─── RAW DATA ───

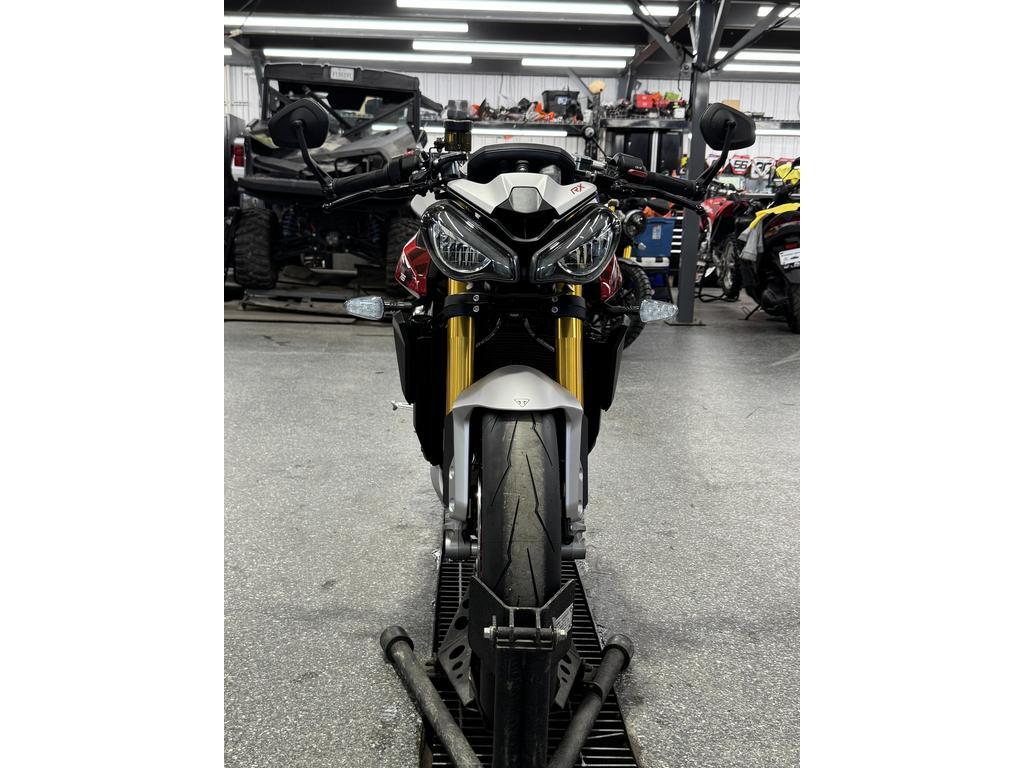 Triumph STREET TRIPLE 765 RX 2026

───
─── RAW DATA ───

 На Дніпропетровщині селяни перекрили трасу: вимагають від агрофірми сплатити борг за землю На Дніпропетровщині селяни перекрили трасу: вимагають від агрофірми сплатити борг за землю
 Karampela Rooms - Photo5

───
─── RAW DATA ───

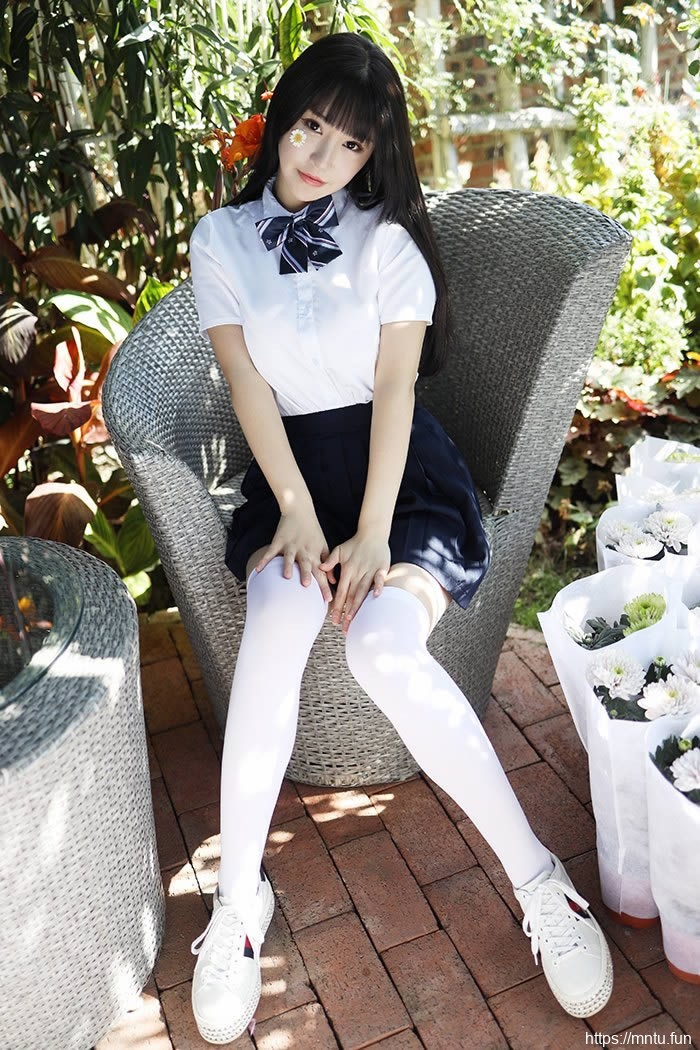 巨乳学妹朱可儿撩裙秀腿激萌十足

───

- **TASK INSTRUCTIONS**
Reproduce exactly the section above that begins at the line containing "за землю На" and ends at the line containing "Karampela Rooms - Photo5", leaving out all other lines.

- **RESULT OF THIS TASK**
 На Дніпропетровщині селяни перекрили трасу: вимагають від агрофірми сплатити борг за землю На Дніпропетровщині селяни перекрили трасу: вимагають від агрофірми сплатити борг за землю
 Karampela Rooms - Photo5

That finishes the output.